Buch 3 berichtet, dass die Beschlüsse von Chalkedon zeitweise außer Kraft gesetzt wurden, wozu viele Bischöfe bereit waren. Hinterher müssen sie sich beim Patriarchen Acacius entschuldigen: »Durch dieses Schreiben tun wir kund, dass wir nicht auf eigenen Wunsch hin, sondern unter Zwang unterschrieben haben, und dass wir nur mit Buchstaben und Worten, nicht mit dem Herzen zugestimmt haben«. Sie glauben »an die in Chalkedon fromm und richtig von den dort versammelten heiligen Vätern beschlossenen Definitionen« (355).

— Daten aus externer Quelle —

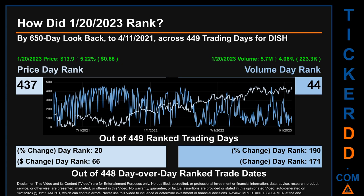Hello, my name is Magnus. How did January 20th, 2023 rank for DISH across a 650 calendar day lookback to April 11th, 2021? Across 449 trading days, January 20th price ranked 437 while its volume ranked 44. Each of the 449 trading days were ranked by highest end-of-day price and volume, with rank 1 being the highest. The price's day-over-day percentage change of 5.22% had a rank of 20, while its dollar difference of 68 cents ranked 66. Volume's percentage change and dollar difference ranked 190 and 171, respectively.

Buch 4 handelt von den Kaisern Justin I. (518–527) und Justinian I. (527–565). Für die Kriege in Italien liegen Prokops Berichte zu Grunde. Ihm folgend erwähnt E. in 4,19 einen Papstwechsel 537 in Rom: Der Feldherr Belisar ließ Silverius, den Erzbischof der Stadt, nach Griechenland bringen und als Erzbischof in Rom setzte er Vigilius ein (491). In 4,31 beschreibt E. den Bau der Hagia Sophia (514–517). Für die 5. Ökumenische Synode 553 hat er »Akten herangezogen, die heute nur noch unvollständig und nur lateinisch erhalten sind« (43). E. urteilt deutlich in 4,39: »Zu der Zeit hatte sich Justinian von der rechten Bahn der Dogmen abgewandt und einen Weg betreten, den weder die Apostel noch die Väter beschritten hatten« (539).
Buch 5 schildert Ereignisse unter den Kaisern Justin II. (565–578) und Tiberius II. (578–582). In 5,6 berichtet E. anerkennend über seinen Dienstherren, den Bischof Gregor von Antiochien (564–569). Buch 6 betrifft die Jahre 582–594, also mehr als die Hälfte der Regierungszeit des Kaisers Mauricius, der 603 ermordet wurde. E. »verherrlicht ihn mehr als alle anderen Kaiser und lässt seine Kirchengeschichte in seiner Person gipfeln« (74).
Insgesamt zeigen die beiden Bände wieder jene hohe Qualität, die man bei der Reihe Fontes Christiani nun schon voraussetzt.